WHAT TO WORK ON:
Retype all the entries word for word, but omit the pictures.

MATERIALS PROVIDED:
- - - -
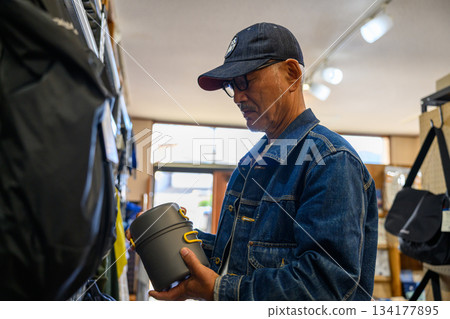 老人的雜貨店 老人的雜貨店 134177895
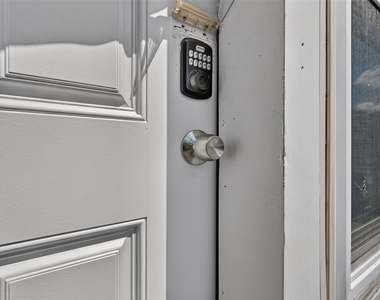 210 W 13th Street - Photo Thumbnail 7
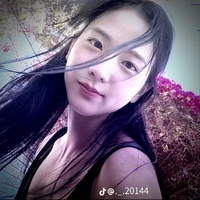 Chị Ngọc(chị gái cậu)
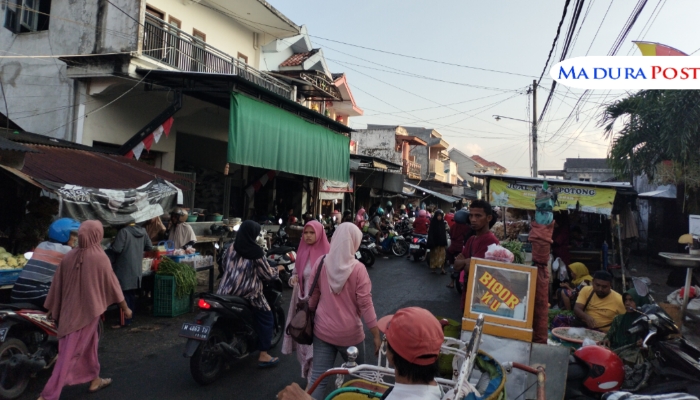 RIUH. Suasana pasar tradisional tanpa nama di belakang Masjid Jamik Sumenep, penuh warna dan kehidupan di pagi hari. (M.Hendra.E/MaduraPost)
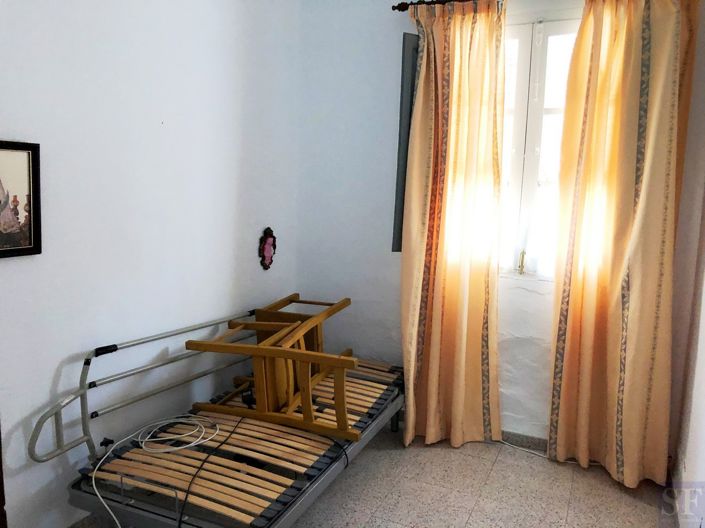 Image No.6-3 Bed Townhouse for sale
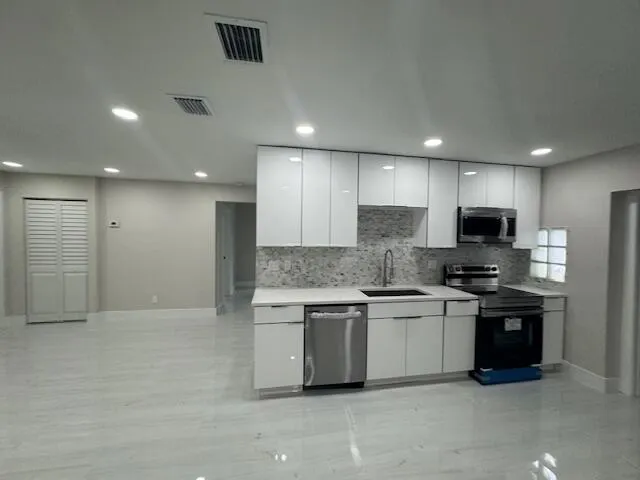 2329 West Dr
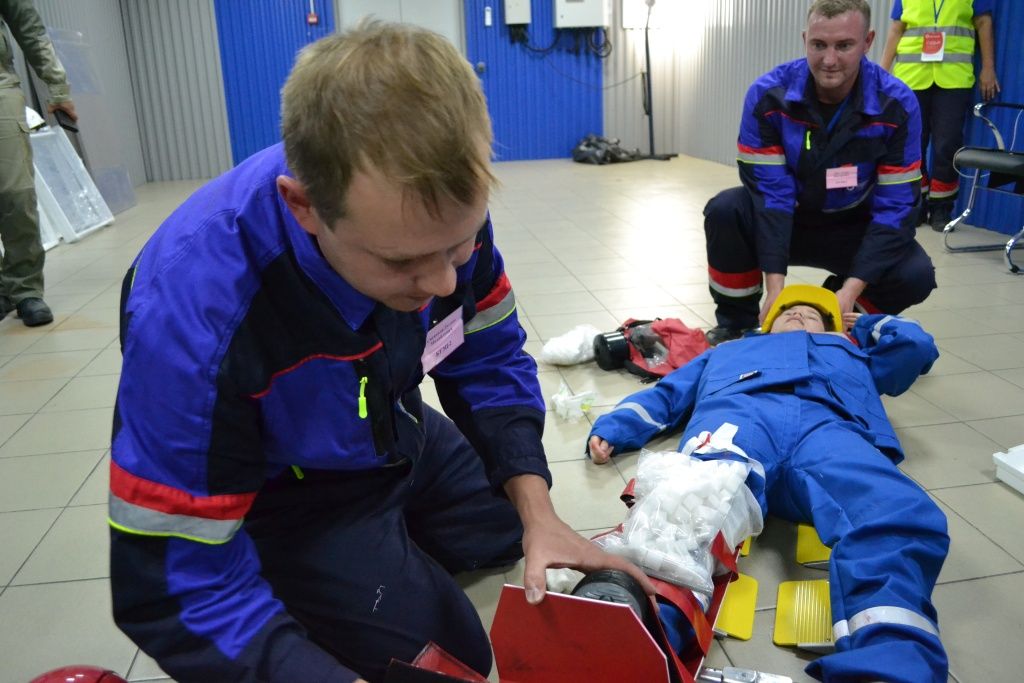 Одним из этапов стало оказание первой помощи пострадавшим в результате условного несчастного случая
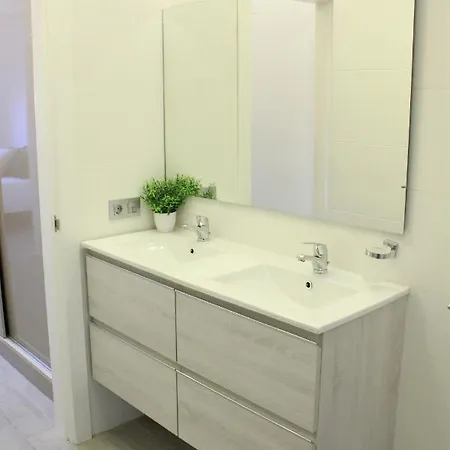 Wonderful 2 Bd With Great Terrace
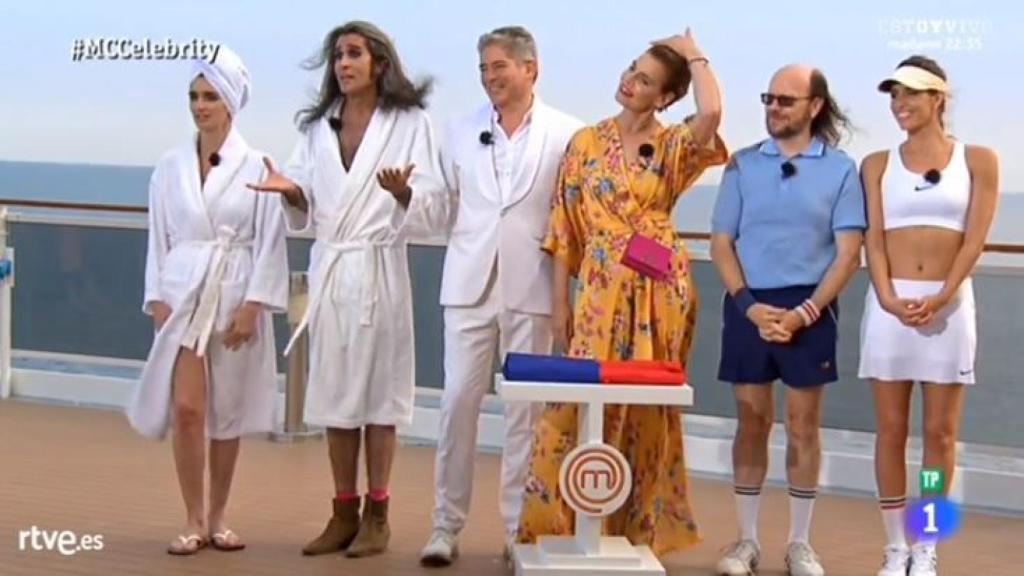 Los concursantes en el crucero.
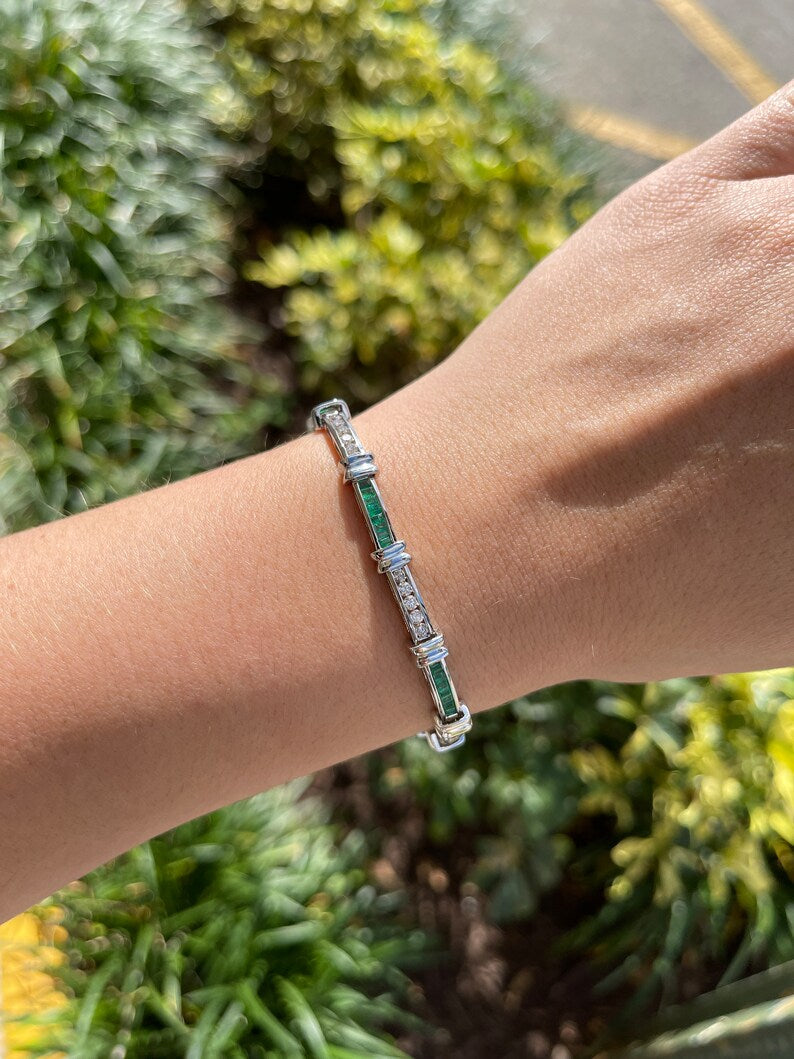 Emerald & Round Cut Unisex Diamond Bracelet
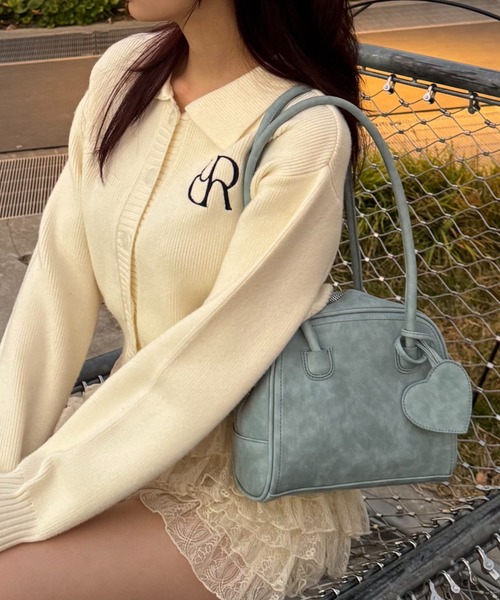 FOREVER 21（フォーエバー トゥエンティーワン）の「【2025SS】取り外し可能ハートチャーム付きPUボストン（ショルダーバッグ・レディース・キャメル/ダークブラウン/ライトブルー・FREE）」の10枚目の写真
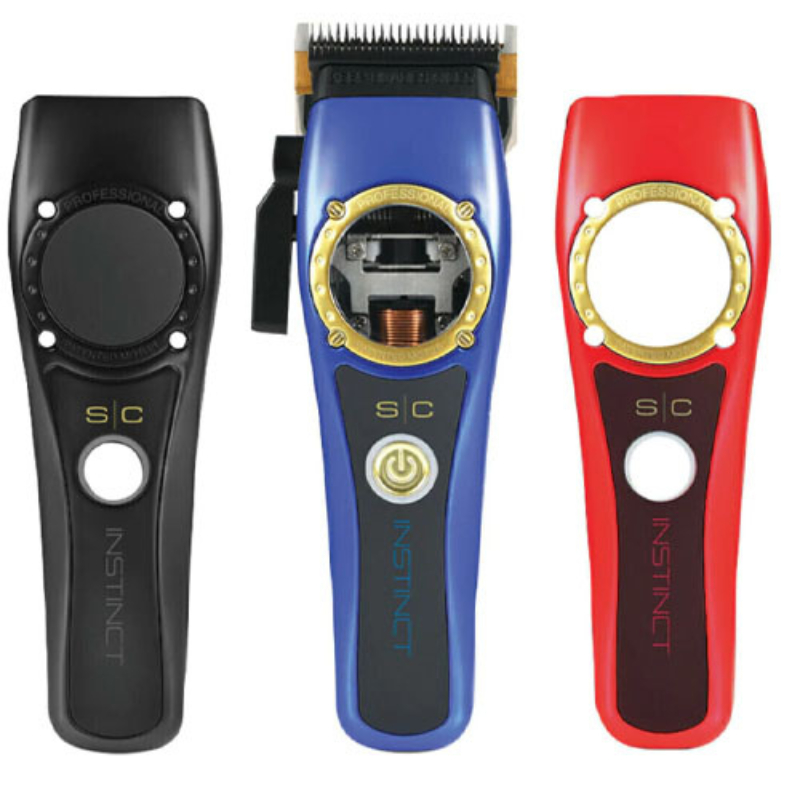 Três máquinas de barbear SC INSTINCT preta, azul e vermelha com detalhes dourados e botões brancos.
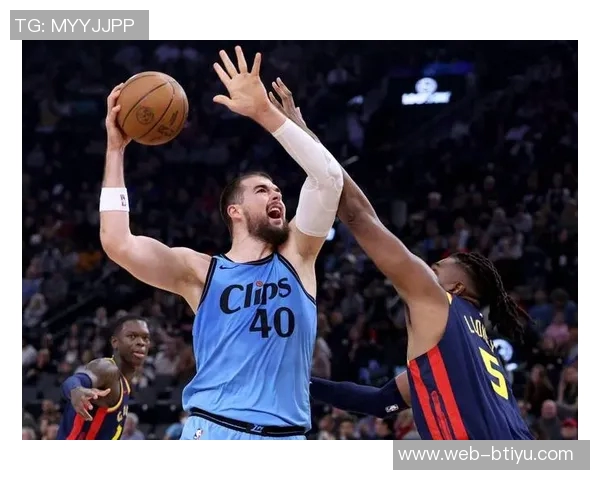 NBA赛事分析快船轻松战胜爵士马刺力克独行侠开拓者全力以赴对抗森林狼 NBA赛事分析快船轻松战胜爵士马刺力克独行侠开拓者全力以赴对抗森林狼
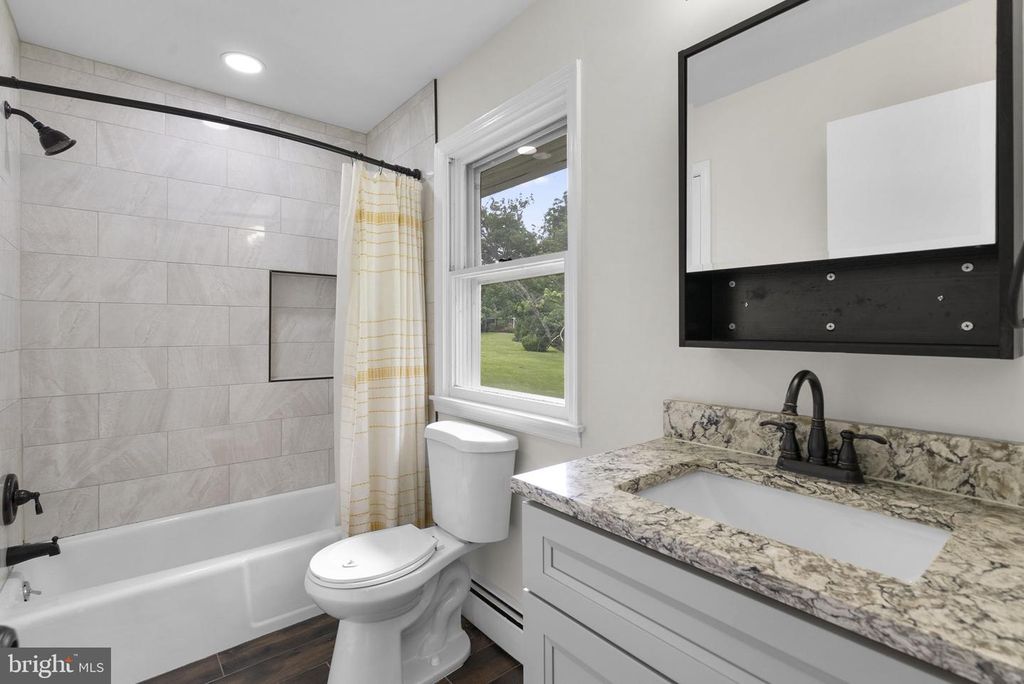 Image 24 of property listing at 6414 BONNIE BRAE RD, Sykesville, MD 21784
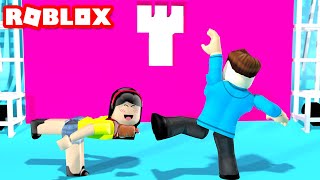 I M The Only One Roblox Hole In The Wall Microguardian - roblox hole in the wall hack youtube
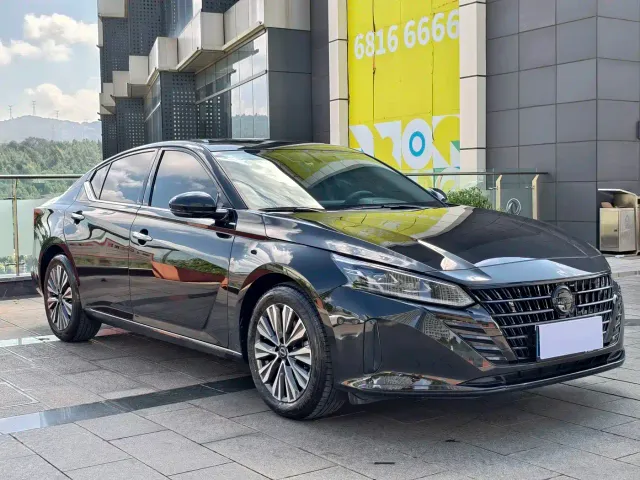 Nissan Teana — Фото автомобиля 3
- - - -
TASK SOLUTION:
 老人的雜貨店 老人的雜貨店 134177895
 210 W 13th Street - Photo Thumbnail 7
 Chị Ngọc(chị gái cậu)
 RIUH. Suasana pasar tradisional tanpa nama di belakang Masjid Jamik Sumenep, penuh warna dan kehidupan di pagi hari. (M.Hendra.E/MaduraPost)
 Image No.6-3 Bed Townhouse for sale
 2329 West Dr
 Одним из этапов стало оказание первой помощи пострадавшим в результате условного несчастного случая
 Wonderful 2 Bd With Great Terrace
 Los concursantes en el crucero.
 Emerald & Round Cut Unisex Diamond Bracelet
 FOREVER 21（フォーエバー トゥエンティーワン）の「【2025SS】取り外し可能ハートチャーム付きPUボストン（ショルダーバッグ・レディース・キャメル/ダークブラウン/ライトブルー・FREE）」の10枚目の写真
 Três máquinas de barbear SC INSTINCT preta, azul e vermelha com detalhes dourados e botões brancos.
 NBA赛事分析快船轻松战胜爵士马刺力克独行侠开拓者全力以赴对抗森林狼 NBA赛事分析快船轻松战胜爵士马刺力克独行侠开拓者全力以赴对抗森林狼
 Image 24 of property listing at 6414 BONNIE BRAE RD, Sykesville, MD 21784
 I M The Only One Roblox Hole In The Wall Microguardian - roblox hole in the wall hack youtube
 Nissan Teana — Фото автомобиля 3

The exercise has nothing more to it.